* [Task directions]:
Quote word for word from the line holding "CGB3101 7.5 inches" to the last line below, including both, and omit any pictures.

* [Information supplied]:
+===+
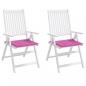 Preview: Gartenstuhl-Kissen 2 Stk. Rosa 40x40x3 cm Stoff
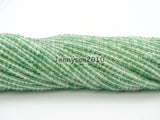 Green Strawberry Quartz 2mm~2.7mm Faceted Round Beads 2 Strands/Pack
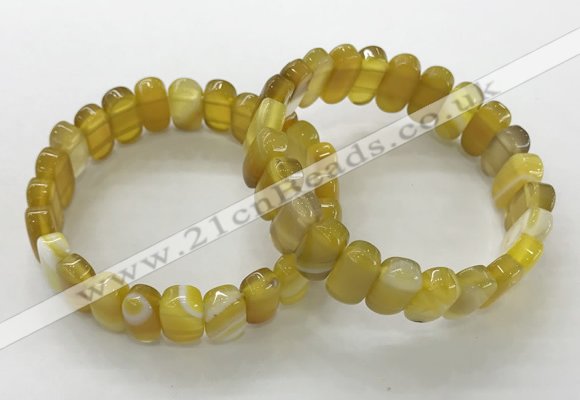 CGB3101 7.5 inches 8*15mm oval agate gemstone bracelets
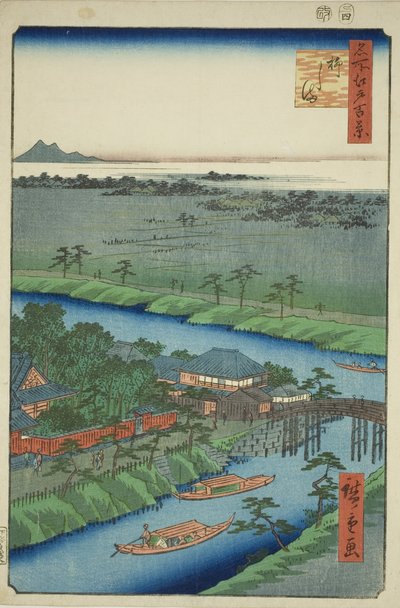 Yanagishima, de la série "Cent vues célèbres d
+===+
* [Task solution]:
 CGB3101 7.5 inches 8*15mm oval agate gemstone bracelets
 Yanagishima, de la série "Cent vues célèbres d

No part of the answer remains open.